Re: [AMBER] GTX780Ti consistent error "cudaMemcpy GpuBuffer::Download failed unspecified launch failure." from Keiran Rowell on 2014-06-12 (Amber Archive Jun 2014)

From: Keiran Rowell <k.rowell.unsw.edu.au>
Date: Fri, 13 Jun 2014 01:40:14 +0000

Dear all,

We've upgraded to a Z87 chipset motherboard and now the 780Ti is in a PCI-E 3.0 x16 slot, but I still encountered the same errors. However "Coolbits" "12" now seems to be working, so I can change the clock speed in nvidia-settings.

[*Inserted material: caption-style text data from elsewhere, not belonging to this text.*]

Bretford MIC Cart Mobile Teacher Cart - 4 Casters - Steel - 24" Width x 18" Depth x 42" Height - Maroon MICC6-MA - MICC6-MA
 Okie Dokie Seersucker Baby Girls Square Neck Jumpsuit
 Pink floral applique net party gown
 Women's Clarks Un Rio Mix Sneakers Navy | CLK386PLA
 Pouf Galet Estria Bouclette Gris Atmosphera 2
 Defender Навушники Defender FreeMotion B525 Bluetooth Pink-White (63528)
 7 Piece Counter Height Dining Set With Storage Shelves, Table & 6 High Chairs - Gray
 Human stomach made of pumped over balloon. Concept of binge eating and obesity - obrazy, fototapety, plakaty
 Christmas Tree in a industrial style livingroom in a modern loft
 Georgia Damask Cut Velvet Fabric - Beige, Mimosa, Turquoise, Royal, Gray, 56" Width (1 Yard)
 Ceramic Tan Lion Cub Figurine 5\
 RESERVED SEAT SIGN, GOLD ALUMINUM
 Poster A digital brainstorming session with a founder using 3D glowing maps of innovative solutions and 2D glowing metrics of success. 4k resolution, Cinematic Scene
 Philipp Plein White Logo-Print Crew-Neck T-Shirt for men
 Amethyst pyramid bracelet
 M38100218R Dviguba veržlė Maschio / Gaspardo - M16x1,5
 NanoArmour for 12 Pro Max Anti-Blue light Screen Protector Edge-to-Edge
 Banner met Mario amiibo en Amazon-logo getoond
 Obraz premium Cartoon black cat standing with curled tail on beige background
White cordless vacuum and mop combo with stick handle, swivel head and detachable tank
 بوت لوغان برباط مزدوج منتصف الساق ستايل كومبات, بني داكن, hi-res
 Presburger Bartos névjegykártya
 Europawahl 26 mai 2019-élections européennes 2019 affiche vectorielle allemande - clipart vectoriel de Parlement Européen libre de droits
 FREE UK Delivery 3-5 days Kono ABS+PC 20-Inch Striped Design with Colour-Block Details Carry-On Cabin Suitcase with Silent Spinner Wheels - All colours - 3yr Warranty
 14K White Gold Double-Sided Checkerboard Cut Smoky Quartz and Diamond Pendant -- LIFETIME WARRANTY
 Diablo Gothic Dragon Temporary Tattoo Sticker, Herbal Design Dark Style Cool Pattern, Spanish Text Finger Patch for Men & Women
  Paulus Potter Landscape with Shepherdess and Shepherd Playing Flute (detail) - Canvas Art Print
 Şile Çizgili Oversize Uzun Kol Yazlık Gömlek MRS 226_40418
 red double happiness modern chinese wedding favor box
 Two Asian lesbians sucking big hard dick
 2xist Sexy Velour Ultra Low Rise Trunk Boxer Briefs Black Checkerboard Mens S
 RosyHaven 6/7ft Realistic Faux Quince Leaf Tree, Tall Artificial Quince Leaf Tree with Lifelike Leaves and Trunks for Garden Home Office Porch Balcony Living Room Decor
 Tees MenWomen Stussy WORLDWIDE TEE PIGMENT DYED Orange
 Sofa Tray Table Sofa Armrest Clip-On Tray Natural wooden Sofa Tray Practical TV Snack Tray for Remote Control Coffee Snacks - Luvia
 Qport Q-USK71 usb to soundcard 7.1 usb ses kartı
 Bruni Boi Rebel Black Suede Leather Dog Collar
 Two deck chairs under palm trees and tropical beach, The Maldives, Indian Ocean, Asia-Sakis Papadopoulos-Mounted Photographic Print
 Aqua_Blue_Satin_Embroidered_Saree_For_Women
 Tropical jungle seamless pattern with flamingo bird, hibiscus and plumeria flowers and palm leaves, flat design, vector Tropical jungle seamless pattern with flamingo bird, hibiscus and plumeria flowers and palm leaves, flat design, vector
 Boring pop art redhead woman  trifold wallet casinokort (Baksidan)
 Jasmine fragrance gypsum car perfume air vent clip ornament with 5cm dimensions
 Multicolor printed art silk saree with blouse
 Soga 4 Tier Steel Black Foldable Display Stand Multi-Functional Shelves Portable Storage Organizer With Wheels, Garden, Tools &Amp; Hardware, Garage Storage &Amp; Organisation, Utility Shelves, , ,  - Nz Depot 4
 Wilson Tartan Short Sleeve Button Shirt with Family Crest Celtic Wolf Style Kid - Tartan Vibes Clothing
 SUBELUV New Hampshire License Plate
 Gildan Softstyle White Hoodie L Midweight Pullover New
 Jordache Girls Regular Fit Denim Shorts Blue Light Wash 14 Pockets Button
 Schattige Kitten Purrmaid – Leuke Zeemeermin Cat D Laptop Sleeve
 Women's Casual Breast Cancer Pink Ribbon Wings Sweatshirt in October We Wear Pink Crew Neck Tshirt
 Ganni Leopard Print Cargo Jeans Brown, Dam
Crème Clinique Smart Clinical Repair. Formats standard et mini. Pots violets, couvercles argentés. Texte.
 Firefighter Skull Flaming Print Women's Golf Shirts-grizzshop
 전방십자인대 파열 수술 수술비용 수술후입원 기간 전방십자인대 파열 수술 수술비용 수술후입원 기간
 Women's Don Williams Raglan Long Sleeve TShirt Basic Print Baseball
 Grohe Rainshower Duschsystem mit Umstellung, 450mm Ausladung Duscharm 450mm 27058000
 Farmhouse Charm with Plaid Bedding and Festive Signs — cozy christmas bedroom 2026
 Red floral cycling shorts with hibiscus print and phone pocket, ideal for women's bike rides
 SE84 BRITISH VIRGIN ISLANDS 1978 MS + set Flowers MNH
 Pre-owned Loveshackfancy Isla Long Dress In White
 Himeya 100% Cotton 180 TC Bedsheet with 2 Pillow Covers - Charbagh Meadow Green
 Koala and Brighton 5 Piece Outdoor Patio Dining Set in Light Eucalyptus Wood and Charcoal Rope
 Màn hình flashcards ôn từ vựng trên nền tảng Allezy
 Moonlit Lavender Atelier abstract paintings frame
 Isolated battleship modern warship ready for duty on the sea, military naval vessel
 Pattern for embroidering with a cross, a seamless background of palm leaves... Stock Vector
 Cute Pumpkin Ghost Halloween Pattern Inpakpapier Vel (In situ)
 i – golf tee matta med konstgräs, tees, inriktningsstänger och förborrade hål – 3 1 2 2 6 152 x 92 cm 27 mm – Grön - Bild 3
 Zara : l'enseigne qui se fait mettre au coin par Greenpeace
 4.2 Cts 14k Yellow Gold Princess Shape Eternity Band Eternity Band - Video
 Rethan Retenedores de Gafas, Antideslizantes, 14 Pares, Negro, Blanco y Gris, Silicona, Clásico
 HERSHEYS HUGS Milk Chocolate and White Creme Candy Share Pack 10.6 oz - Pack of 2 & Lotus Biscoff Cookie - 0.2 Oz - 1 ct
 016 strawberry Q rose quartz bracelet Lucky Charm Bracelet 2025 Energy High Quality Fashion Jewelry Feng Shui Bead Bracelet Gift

Changing the clock by an offest of -105MHz (the min allowed in the GUI) gave a Graphics Clock of 1033Mhz. When runinng the GPU_validation_Test at this speed 17/20 runs got to completion, but none of them had the same value, and no memcpy error was reported. Each crash had "ERROR: Calculation halted. Periodic box dimensions have changed too much from their initial values" was.

I found here: (http://wiki.etechnik-rieke.de/index.php/NVidia_PowerMizer) how to force it onto the lowest performance level which nvidia-settings reports as 549Mhz. Running with this I don't get any crashes, however only 7/20 values printed agree with each other, indicating the artimatic is still inconsistent.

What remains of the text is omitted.